Yeah, we really did have a blast. Man, I just love being able to smoke with guys I actually like and respect and the AZ Crew is just that. You won't meet a more knowledgable guy (in regards to Rum) than Linus. And of course KScotty is just an out and out gentleman....... Canadian...... but a gentleman none the less.

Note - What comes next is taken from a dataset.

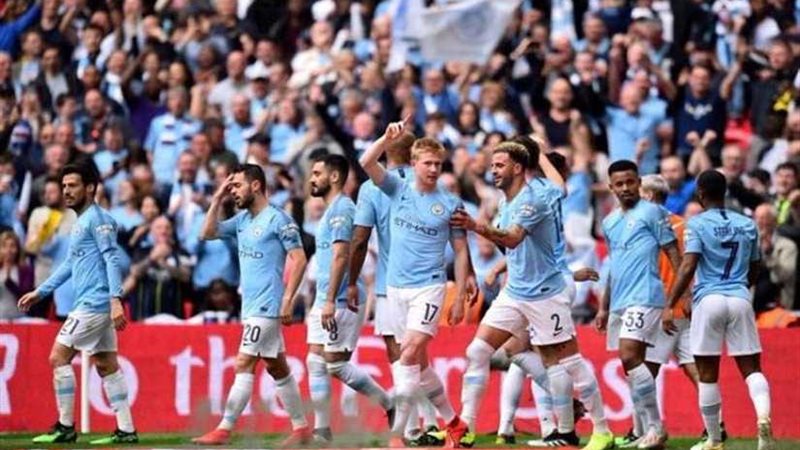 مانشستر سيتي يتوج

I can't think of a better way to spend 6.5 hours than sitting there in a nice bar with some great beers (or Rum) some great smokes and some good guys. Come on down there Parrot-boy and we'll make you feel welcome.


----------



## Steeltown (Jan 18, 2005)

Thanks for sharing the pics - the first one was at 6:02 and last one at 10:26 - a nice way to spend 4.5 hrs! Glad it was a success!


----------



## Thurm15 (Jan 28, 2005)

Man I'm jealous! Smokin Stogies in a Bar! Sure Looks like you guys had alot of Fun! We here in Ny have been banished to our Basements or some Dark Alley out of Public View. I think I need to move to Arizona!


----------



## LasciviousXXX (Oct 12, 2004)

Ok Gents I think its time to start planning for the next chapter of the AZ HERF. I'm thinking late April in Sedona...... how's that sound to you guys?


----------



## linusvanpelt (Jan 19, 2004)

Sounds perfect!!


----------